Portman also pointed out that statutory changes could help value-based arrangements “flourish” in the Medicaid program, noting that the proposal is aimed at encouraging novel contracting in the commercial insurance space. “The idea that there are alternative ways to receive care or have payment be made and that a different payment method encourages broader uptake and helps more people, that’s something we would like to see on the Medicaid side as well. But it requires congressional action,” he said.
Nevertheless, the proposed rule marks a significant step for CMS, Portman emphasized. "It's interesting to see CMS open the door to flexibility that they haven't opened" before. Furthermore, “I’m not trying to give Congress a bigger job, we’re are still struggling to accomplish our larger drug pricing efforts writ large," he said. "But I do think Congress plays a role here.”

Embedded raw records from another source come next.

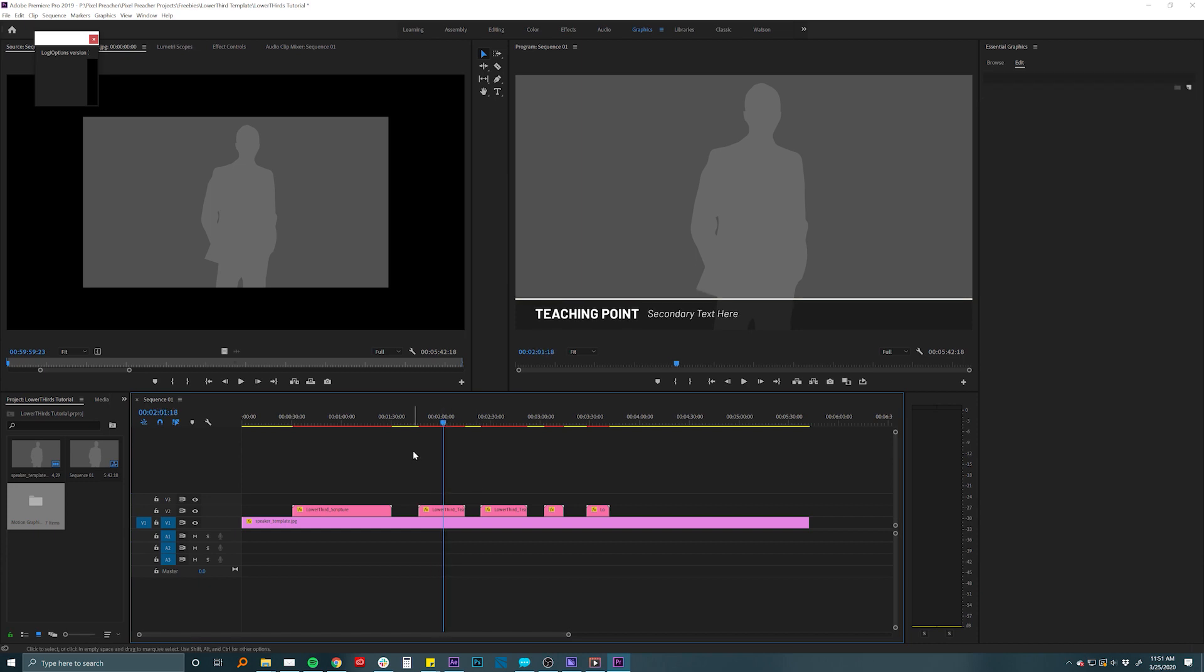We have a tutorial that's included in the project that teaches you how to just import these into Premiere and quickly get in and start using them.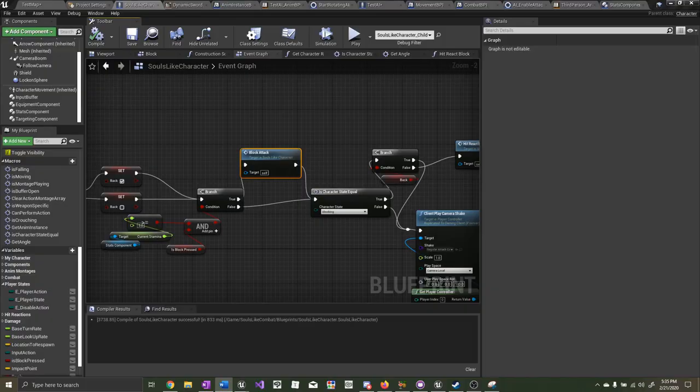Now the character plays a blocking animation when the player is pressing block. The animation stops when the player releases the block. The block blends upper and lower body animations properly, and the character transitions in and out of the blocking state really well. The player can also block the enemy AI attacks. We added hit effects and animations for blocking and not blocking. Lastly, we covered how to apply damage to the player's health and stamina while blocking and not blocking properly. Thanks for watching — I hope my tutorial was able to help you. If it was, be sure to leave a like and consider subscribing to the channel.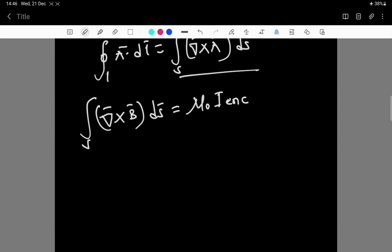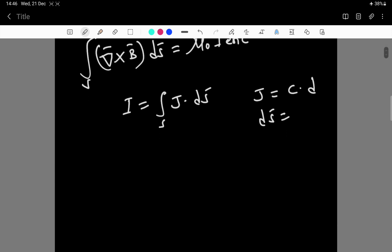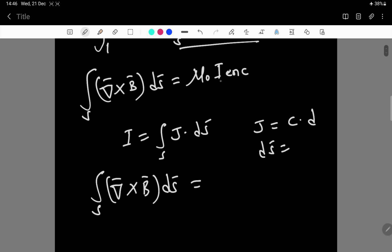The net amount of current enclosed by the surface is given by I equals the surface integral of J·dS, where J is the current density and dS is the area element. Therefore, we substitute the enclosed current I with the surface integral of J·dS, giving us the surface integral of curl B·dS equals mu naught times the surface integral of J·dS.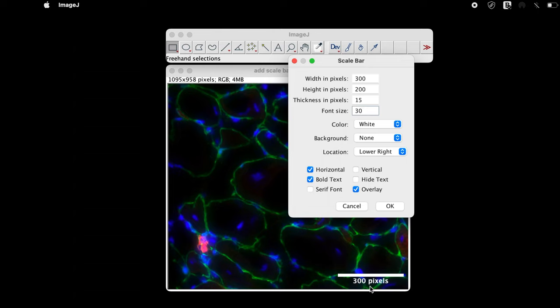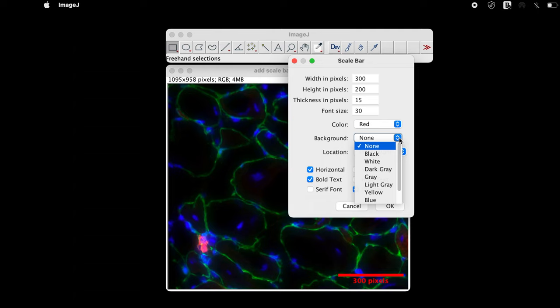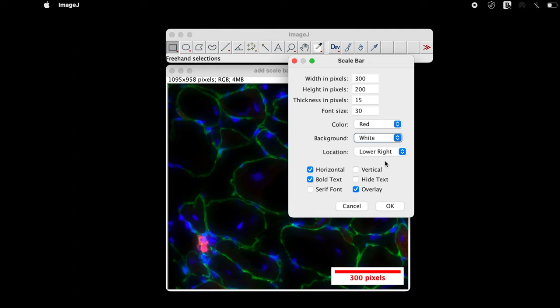The color of the bar and the text can be changed accordingly. Select the color of your choice. The background color can also be assigned to the scale bar. Select the background color of your choice.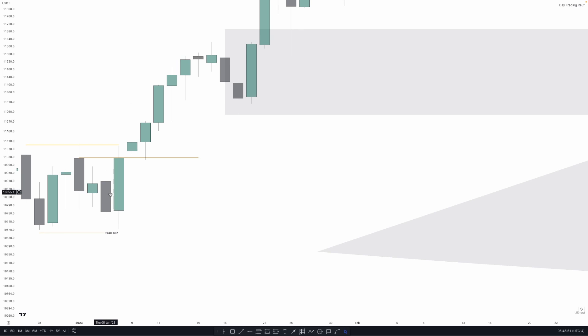To summarize: if the weekly candle doesn't have a clear draw on liquidity — if it's not clear it will run stops or rebalance an imbalance — you don't trade the week. Low probability conditions include a lack of news or a large news event that covers a lot of range, making the next few trading days unfavorable. This ties to the inside day approach. Using the economic calendar, if Wednesday is the manipulation day, you wait until Wednesday, then trade distribution Thursday and Friday. Monday and Tuesday become accumulation days, Wednesday is manipulation, Thursday and Friday are distribution.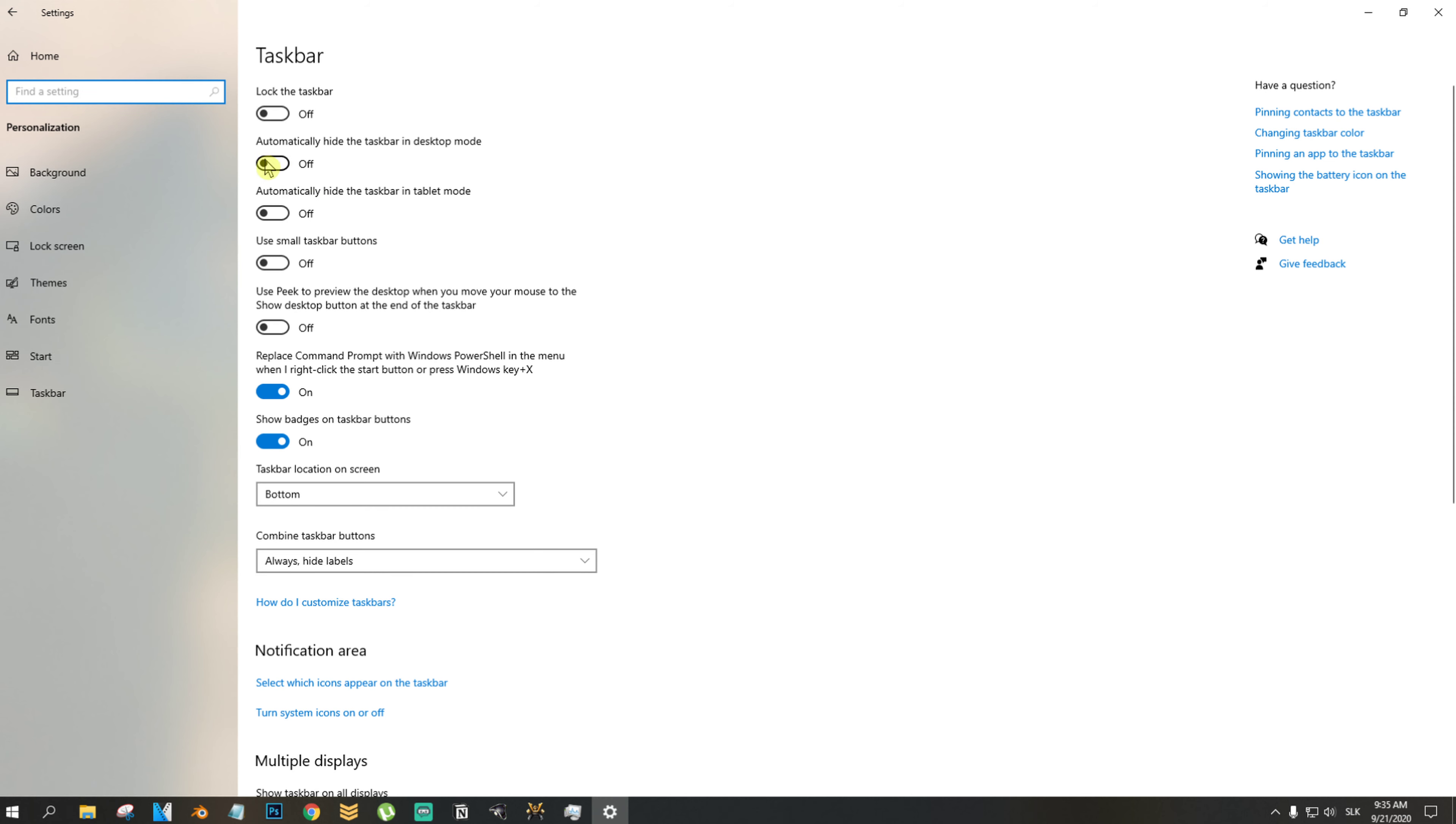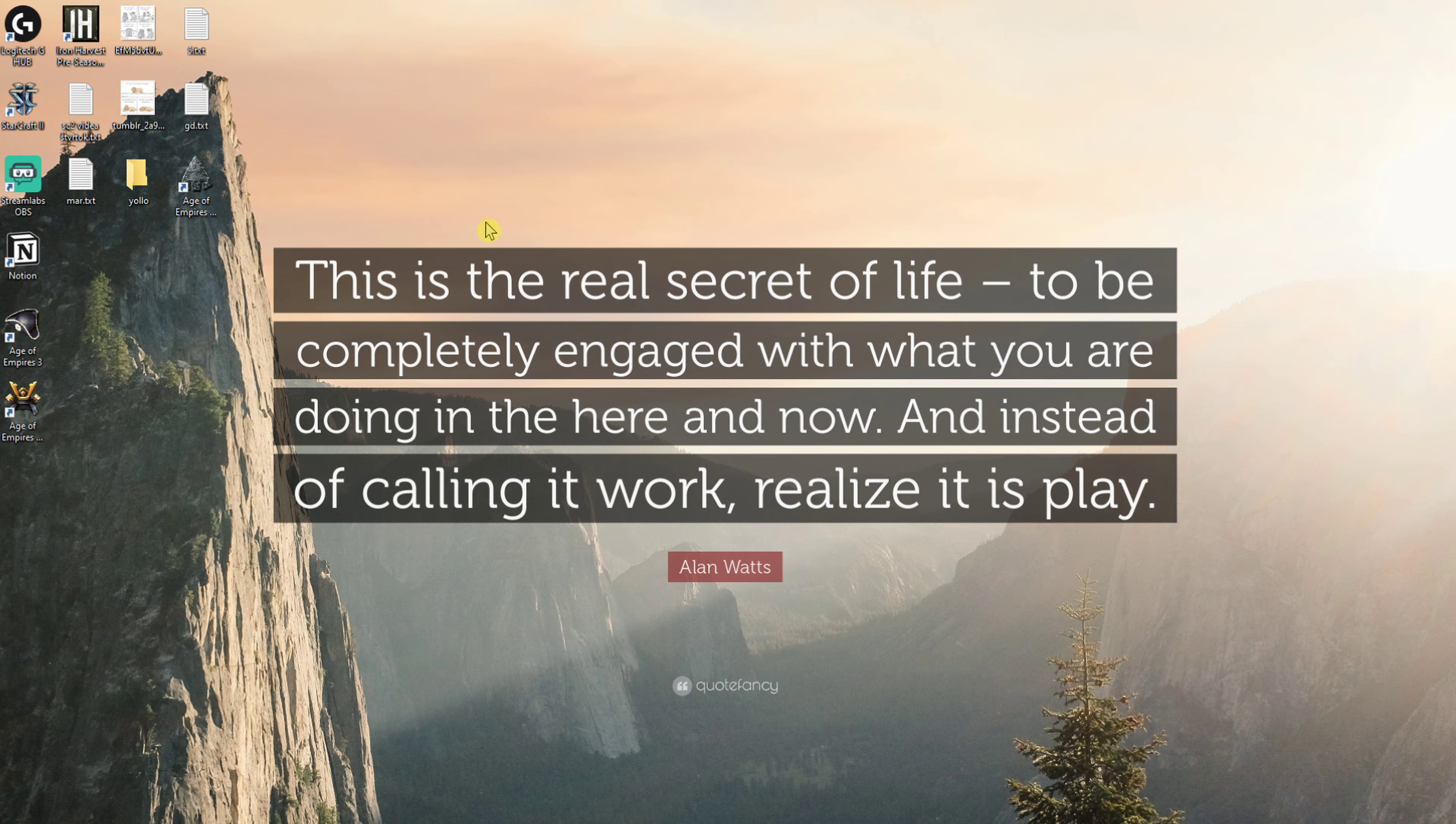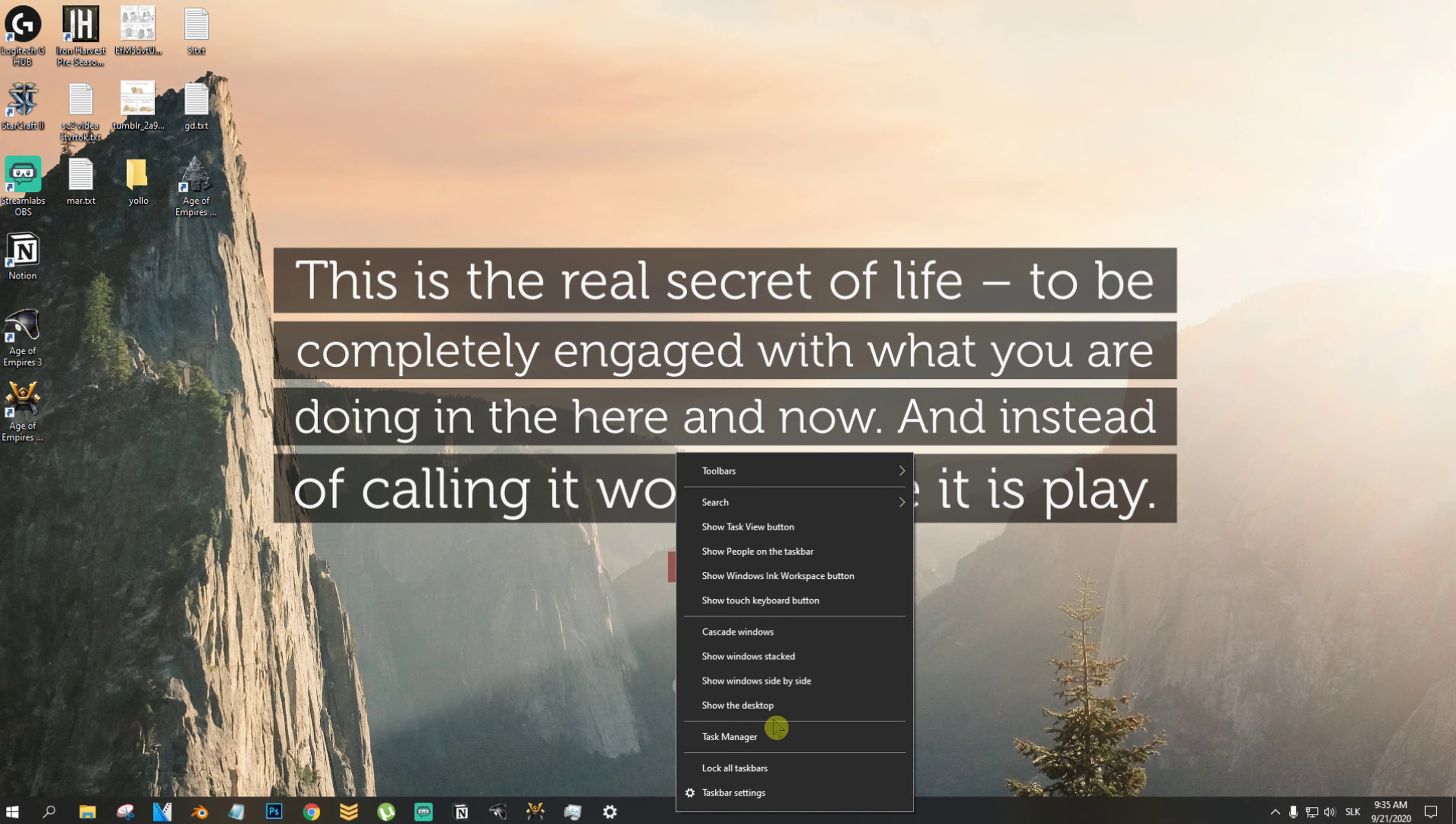And here you're going to see automatically hide the taskbar in the desktop mode. And right as you can see, the taskbar is off.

Senate Finance Committee Chairman Chuck Grassley’s drug pricing bill also includes a provision that would allow state Medicaid programs to pay for potentially curative treatment intended for one-time use through risk-sharing value-based agreements. (Also see "Medicaid Rebate Ceiling Raised To 125% In Senate Legislation " - Pink Sheet, 23 Jul, 2019.)
However, the bill has failed to garner the backing of Senate leadership and recently lost its Democratic support in the Finance Committee, so prospects are dim for any near term progress.